(INFORMATION PROVIDED):
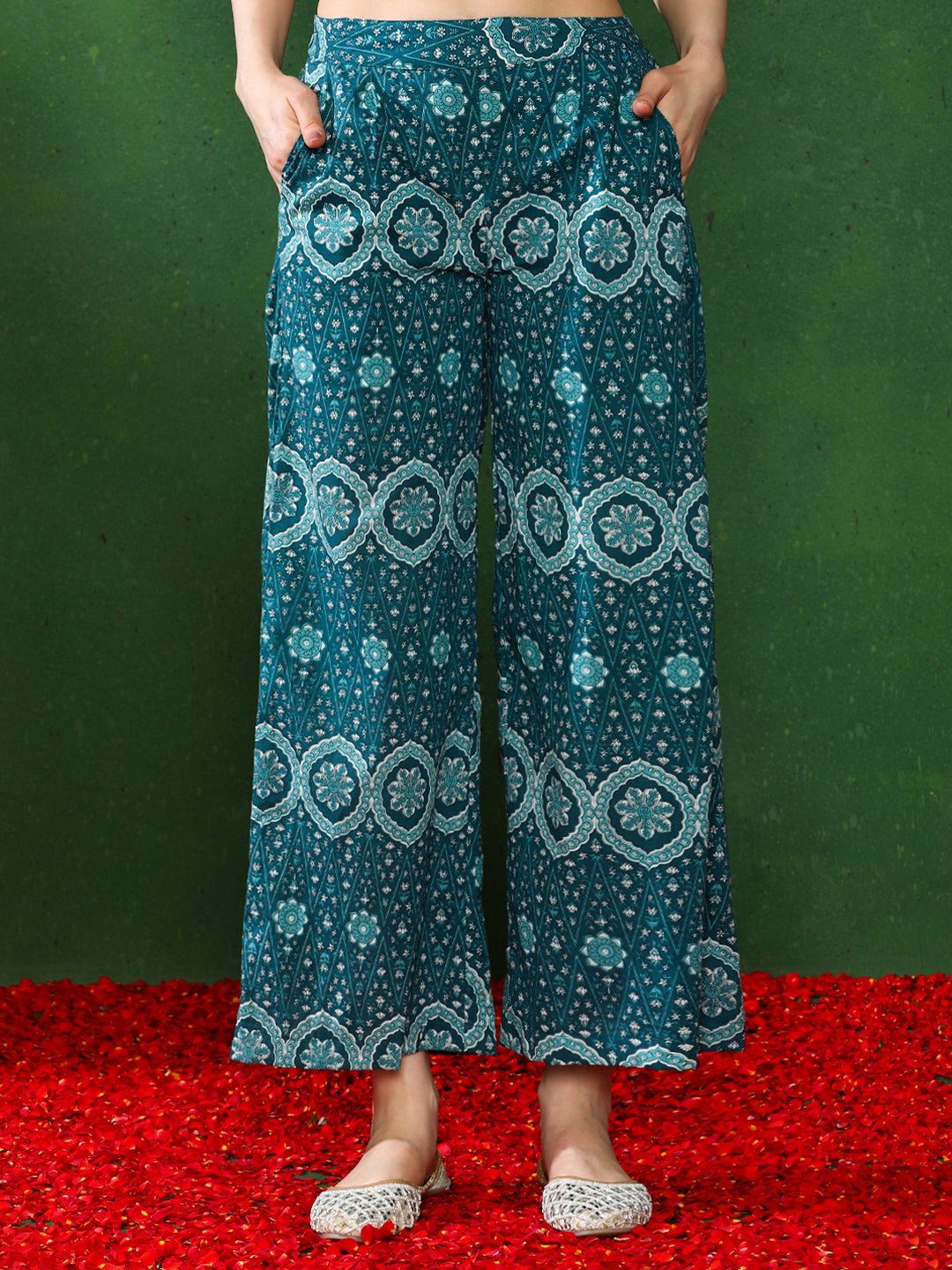 Solid Embroidered A-Line Kurta & Trousers Sets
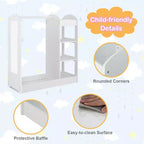 Costway Kids Dress up Storage Hanging Armoire Dresser Costume Closet w/ Mirror Shelves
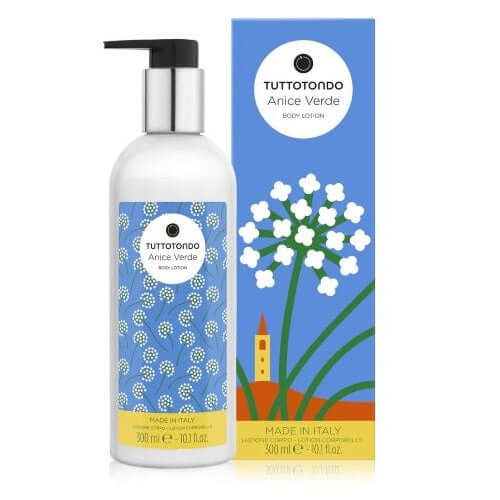 Tuttotondo Anice Verde body lotion 300ml, nourishing cream with green anise and shea butter, made in Italy.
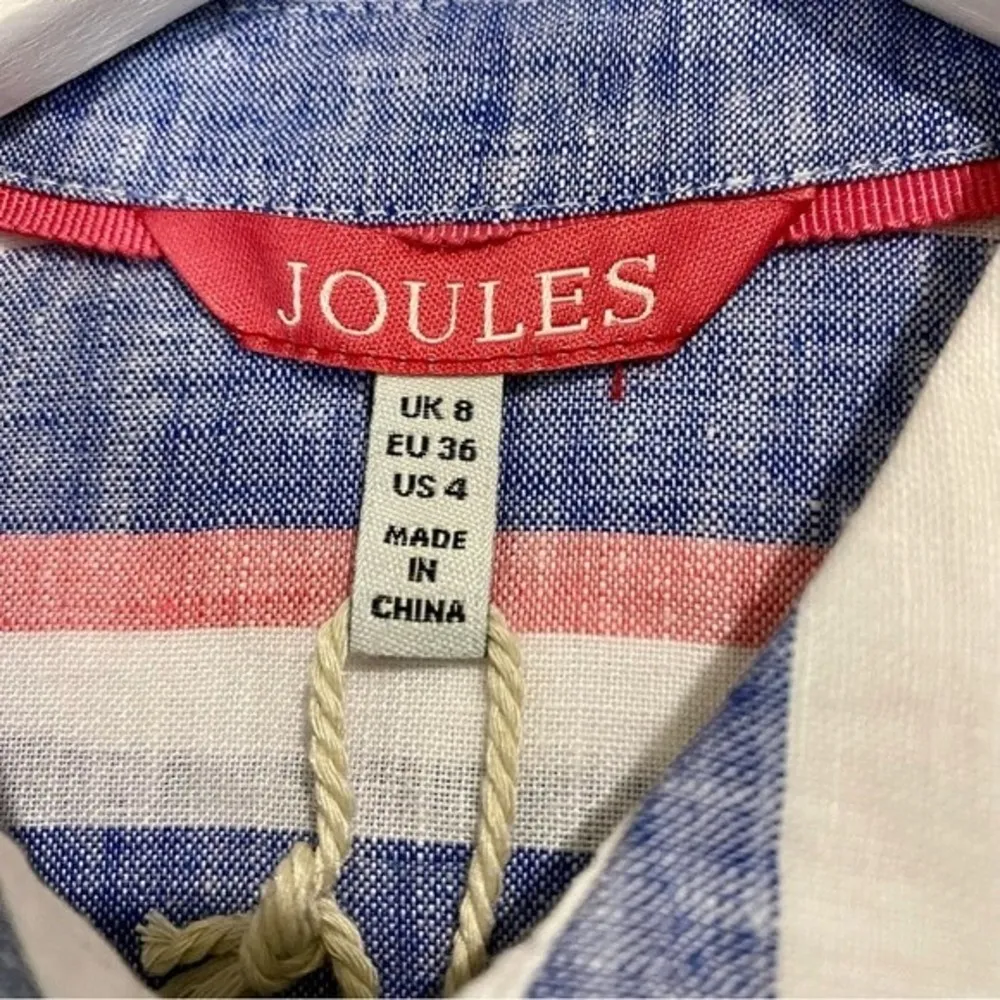Joules Women’s Jeanne Print Button Down Linen Shirt Blue & Red Stripe Size 4 NWT - Image 4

(BRIEF): Take the listing above and print it exactly, apart from the pictures.

(YOUR SOLUTION):
 Solid Embroidered A-Line Kurta & Trousers Sets
 Costway Kids Dress up Storage Hanging Armoire Dresser Costume Closet w/ Mirror Shelves
 Tuttotondo Anice Verde body lotion 300ml, nourishing cream with green anise and shea butter, made in Italy.
Joules Women’s Jeanne Print Button Down Linen Shirt Blue & Red Stripe Size 4 NWT - Image 4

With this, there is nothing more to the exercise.